Collected data ::
=== Section Start ===

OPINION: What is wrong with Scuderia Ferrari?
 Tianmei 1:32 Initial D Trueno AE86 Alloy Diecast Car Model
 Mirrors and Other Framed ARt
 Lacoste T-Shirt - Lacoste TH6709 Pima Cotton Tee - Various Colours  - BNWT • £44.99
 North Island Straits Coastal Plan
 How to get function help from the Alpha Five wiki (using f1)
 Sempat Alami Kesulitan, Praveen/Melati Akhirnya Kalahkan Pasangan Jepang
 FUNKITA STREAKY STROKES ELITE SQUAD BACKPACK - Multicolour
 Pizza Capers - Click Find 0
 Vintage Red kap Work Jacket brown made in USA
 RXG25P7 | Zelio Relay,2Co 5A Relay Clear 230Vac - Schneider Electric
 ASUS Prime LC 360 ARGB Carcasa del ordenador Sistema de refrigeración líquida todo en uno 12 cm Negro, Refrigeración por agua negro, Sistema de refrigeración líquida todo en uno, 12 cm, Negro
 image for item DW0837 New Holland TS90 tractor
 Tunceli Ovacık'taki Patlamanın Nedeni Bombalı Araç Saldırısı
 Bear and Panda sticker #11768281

=== Section End ===

TASK STATEMENT :: From the entries above, print the lines beginning at the one with "Vintage Red kap" and stopping after the one with "ASUS Prime LC", exactly as written and with nothing else.

TASK RESPONSE ::
 Vintage Red kap Work Jacket brown made in USA
 RXG25P7 | Zelio Relay,2Co 5A Relay Clear 230Vac - Schneider Electric
 ASUS Prime LC 360 ARGB Carcasa del ordenador Sistema de refrigeración líquida todo en uno 12 cm Negro, Refrigeración por agua negro, Sistema de refrigeración líquida todo en uno, 12 cm, Negro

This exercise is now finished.